For Whites, Indians, and Coloureds, the first challenge is to learn African languages. This can only be done genuinely from the inside of African communities. Language is the most crucial entrance gate into any culture and civilization. This country needs to undergo a Cultural Revolution, of which everyone in the country should be a part. I am talking, first and foremost, of Whites, Indians, Coloureds, and educated Africans making a conscious, massive, heroic effort to imbue themselves with the spirit and knowledge of African culture, African traditions, and African civilization. This is the major, first, part of the enormous Cultural Revolution necessary in this country.

Intellectuals must become anthropologists doing field-work, like Frobenius. But, unlike academic, Western anthropologists, African intellectuals shall be doing field-work on their own people, on themselves, as part of a truly great effort aimed at reconstructing Africa and preparing all of humanity for conquering the world for humanism.

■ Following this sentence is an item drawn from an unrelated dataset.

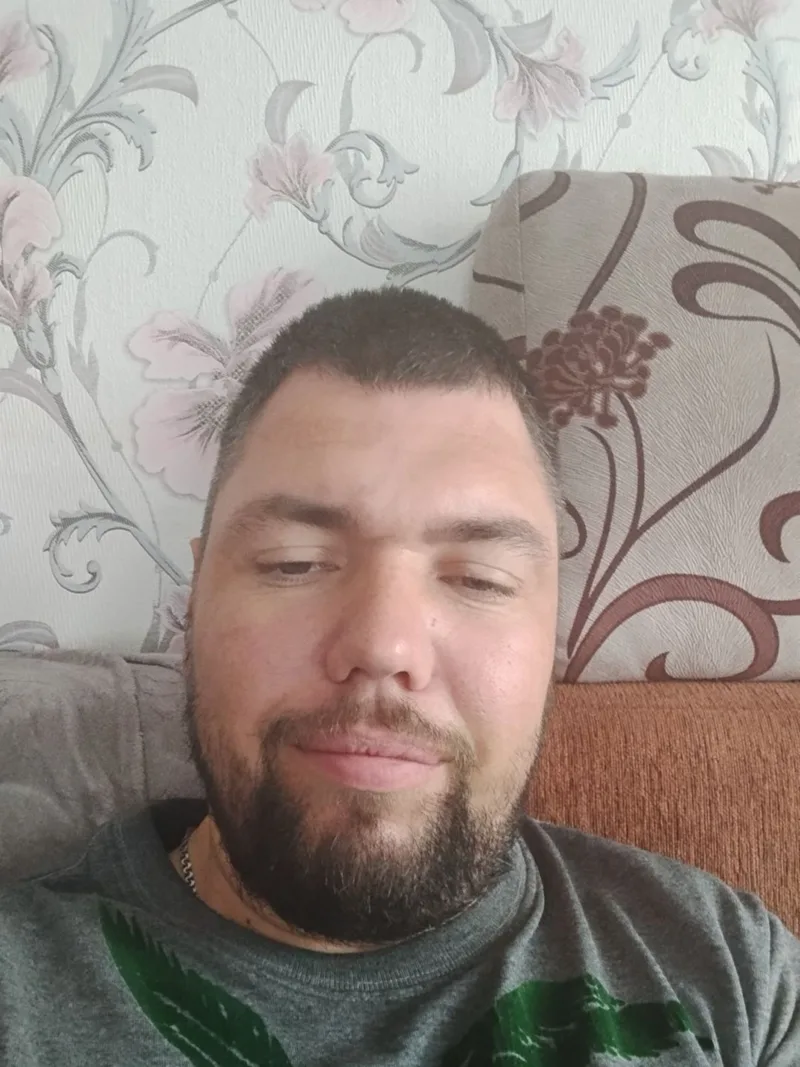 Вова, 33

The principle to be adopted is this: the unique African pattern of development into modernity should base itself, first and foremost, on the utilization of the resources provided by her civilization.

This enormous creative work of research and development of the principles and patterns of African civilization have already been proposed by the Nigerian scholar, Chinweizu, to achieve what he calls “reclamation” of African languages which have been suffering from neglect and atrophy from colonialism up to now.

This does not mean that Africa becomes closed to outside influences. No civilization has ever developed and prospered in isolation. In isolation, civilization atrophies. But the influence from the outside, at issue, is not that which occurred with reference to Africa under the rule of the West, i. e., the taking over of Africa by Western civilization. The influence of other civilizations and cultures on another civilization is similar to the relation of rivers to the huge ocean.

Civilization is the huge ocean; elements or influences of other civilizations and cultures upon a particular civilization are like rivers which lead to, and empty themselves into, the huge ocean. These are assimilated by the civilization, and bring about changes, from within, and become yeast for the further development of aspects of the civilization. So, the fine and finest products of the cultural and spiritual wealth of other civilizations shall be absorbed by the child and student within the African school, but all this shall take place within the context of African civilization.

These are the principles which should guide the selection of the building blocks we must use in the construction of the new Africa, whether we are concerning ourselves with agriculture, health, diet system, government, politics, architecture, youth development, gender relations, education, music and the arts in general, etc.